Kiriyenko’s ideas about running the conquered regions include the use of the government’s “substitute bench” that he has built over several years through a system of competitions and training programs for bureaucrats. Alumni of these programs are being offered ambitious projects in eastern and southern Ukraine as a chance to jump-start their careers and prevent the kind of rampant thievery by the local cadre that Crimea has seen. Putin has always had a weakness for bureaucrats able to run their domains on a system of key performance indicators. Kiriyenko is trying to show this is possible in the occupied territories.
Another Kiriyenko idea stems from Soviet times: patronage, or shefstvo, of Russsian regional chiefs over the war-ravaged towns of occupied Ukraine. In times of natural and man-made disasters, the Soviet Union’s big cities and republics often took charge of various aspects of the rebuilding effort, creating the impression of decentralized, compassionate aid campaigns. Now, Moscow Mayor Sergei Sobyanin has committed to use Moscow’s budget for the rebuilding of Donetsk and Luhansk, eastern Ukraine’s biggest cities. St. Petersburg has been called on to restore Mariupol, where at least two-thirds of building have been damaged and where thousands of people are buried in the yards of high-rise apartment blocks. Other regions, including those with major infrastructural problems of their own, have been given smaller projects. For example, Penza, where garbage cannot be removed from some towns because of bad roads, has sent construction machinery to eastern Ukraine.
The Russian Construction Ministry is far from done with its damage assessments, and rebuilding budgets are essentially open-ended.
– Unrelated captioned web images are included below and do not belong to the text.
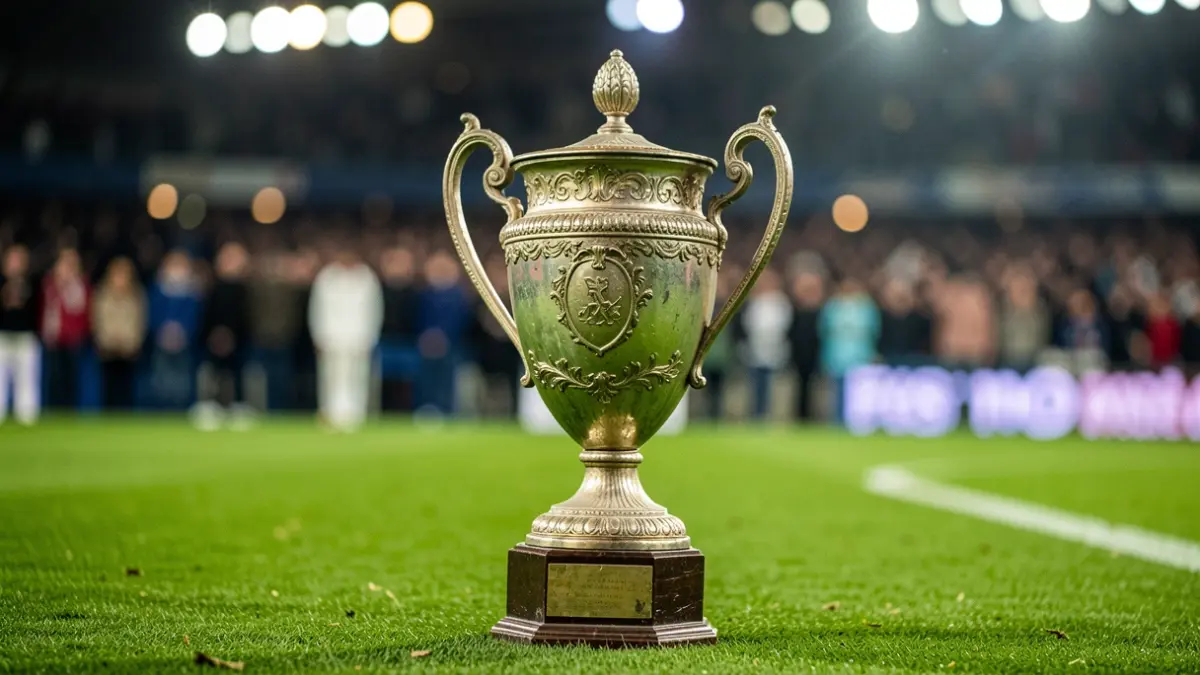 Imagen genérica de un trofeo de fútbol antiguo sobre un campo de césped.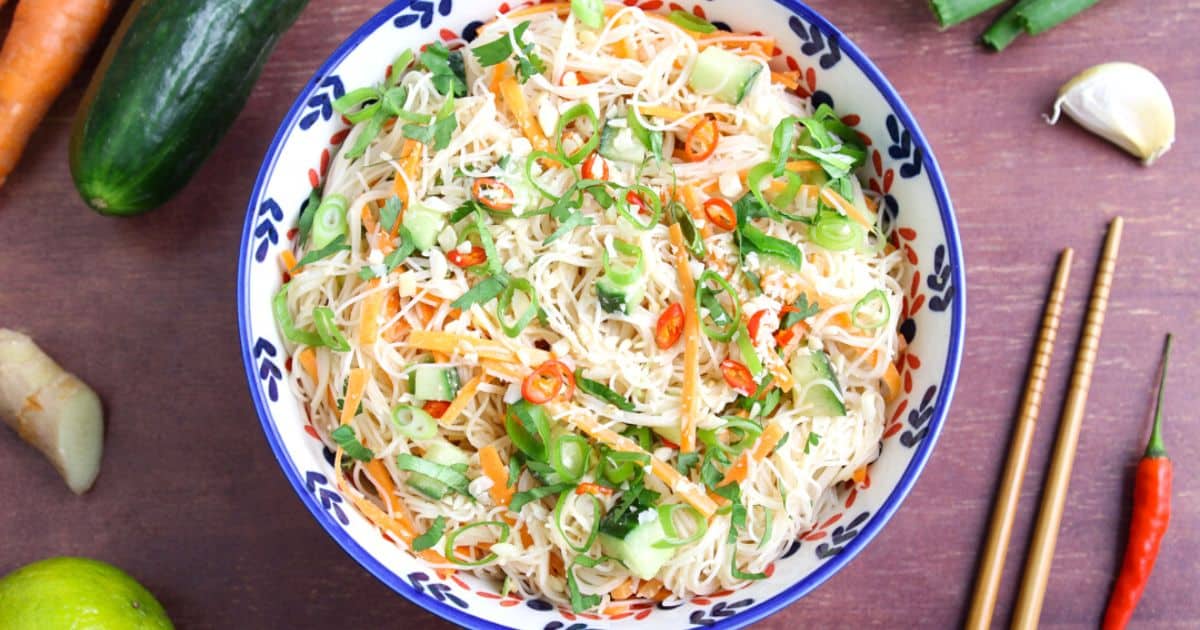 Rice Noodle Salad with Peanut Dressing The Pesky Vegan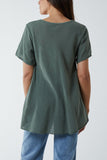 Black Round Neck Short Sleeve Cotton T-Shirt For Women ONE SIZE - Dropwear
While it’s still able to export energy resources, food and fertilizers — and few signs point toward a full embargo — Russia has the funds to restore much of the infrastructure it has destroyed in Ukraine and to lavish gifts on the remaining local population to buy its loyalty. In a regime like Putin’s, with the logistics in the hands of someone as efficient and ambitious as Kiriyenko, that effort may even look more effective than any measures by a democratic government in Ukraine trying to enlist Western aid during a looming global recession.
If it works, it will only whet Putin’s appetite for more.